- **AIM OF THE TASK**
Every line below from the one containing "090809725-683a79c4-fc2a-4c6b-bb06-a22eef0d9327" through the one containing "Điệp Viên Hai Mang 59.5 trang 2" is to be printed exactly, with the pictures omitted.

--- SOURCE RECORDS Enclosed Below ---

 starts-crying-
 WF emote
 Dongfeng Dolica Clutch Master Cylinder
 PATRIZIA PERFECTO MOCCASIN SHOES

--- End of Enclosed SOURCE RECORDS ---
--- SOURCE RECORDS Enclosed Below ---

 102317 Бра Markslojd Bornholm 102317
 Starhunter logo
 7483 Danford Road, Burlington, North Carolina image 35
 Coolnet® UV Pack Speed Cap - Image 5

--- End of Enclosed SOURCE RECORDS ---
--- SOURCE RECORDS Enclosed Below ---

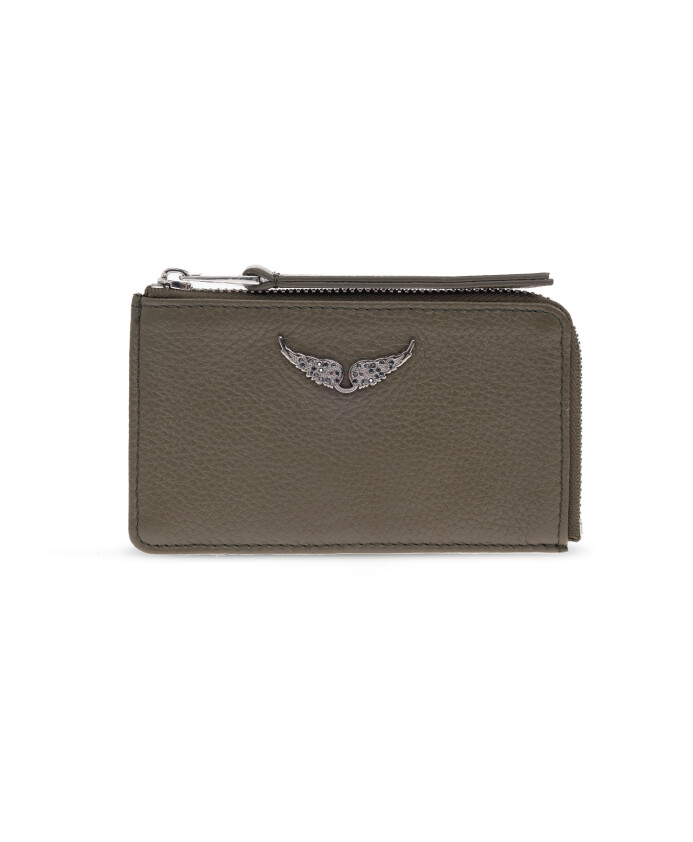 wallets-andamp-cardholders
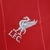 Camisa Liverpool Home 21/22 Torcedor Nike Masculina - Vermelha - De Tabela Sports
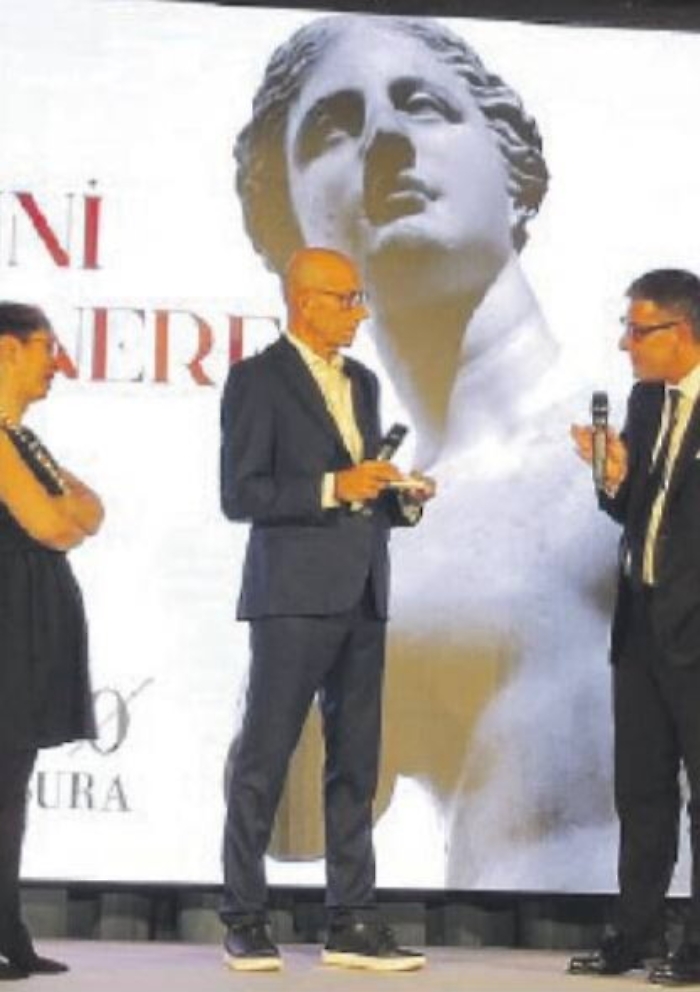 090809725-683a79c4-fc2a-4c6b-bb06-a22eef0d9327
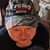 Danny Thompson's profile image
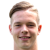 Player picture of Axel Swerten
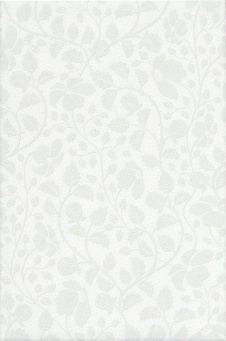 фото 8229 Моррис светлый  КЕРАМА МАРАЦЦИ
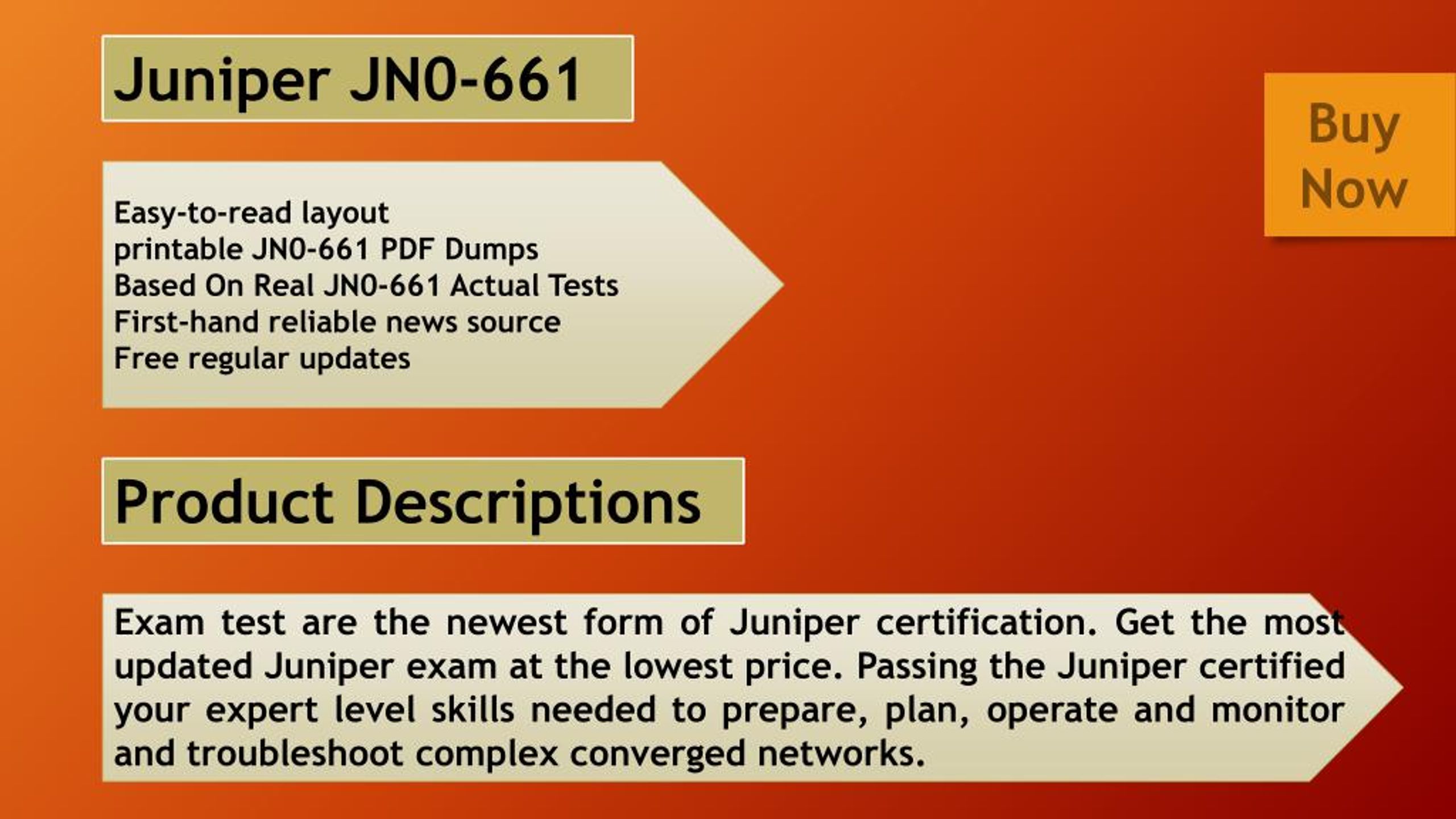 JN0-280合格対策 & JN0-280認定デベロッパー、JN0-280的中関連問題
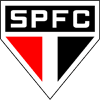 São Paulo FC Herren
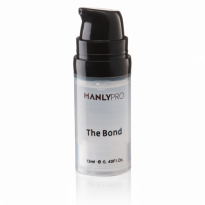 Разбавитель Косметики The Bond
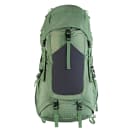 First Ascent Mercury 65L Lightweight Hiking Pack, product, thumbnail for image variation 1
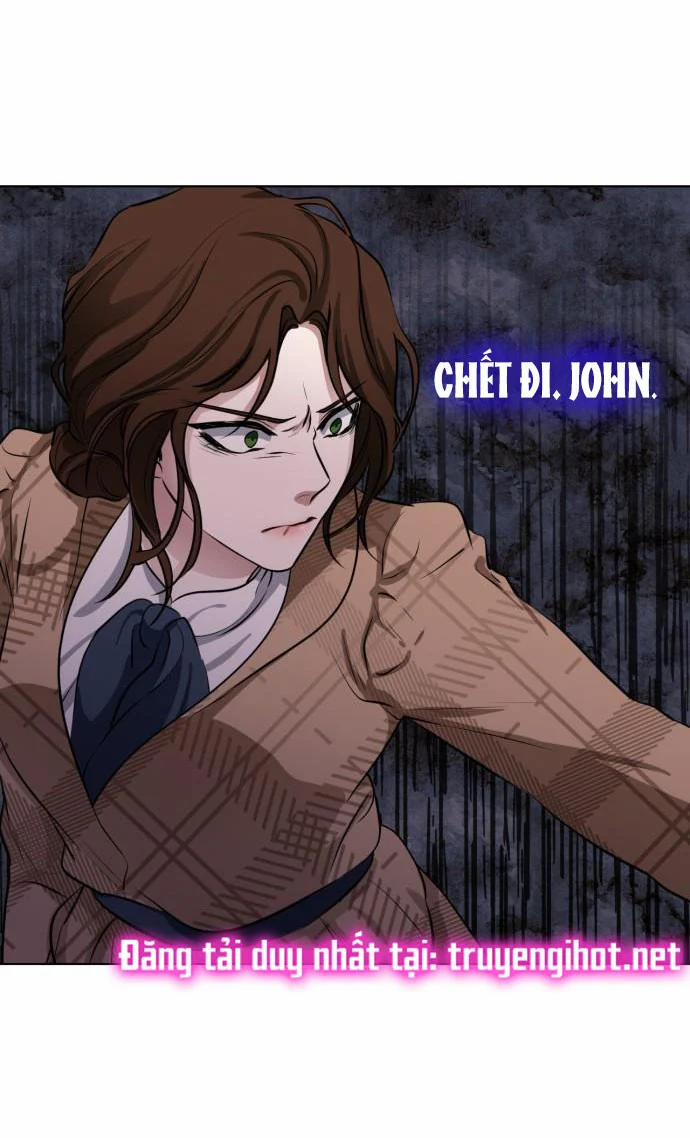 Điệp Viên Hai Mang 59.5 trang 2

--- End of Enclosed SOURCE RECORDS ---

- **REPLY**
 090809725-683a79c4-fc2a-4c6b-bb06-a22eef0d9327
 Danny Thompson's profile image
 Player picture of Axel Swerten
 фото 8229 Моррис светлый  КЕРАМА МАРАЦЦИ
 JN0-280合格対策 & JN0-280認定デベロッパー、JN0-280的中関連問題
 São Paulo FC Herren
 Разбавитель Косметики The Bond
 First Ascent Mercury 65L Lightweight Hiking Pack, product, thumbnail for image variation 1
 Điệp Viên Hai Mang 59.5 trang 2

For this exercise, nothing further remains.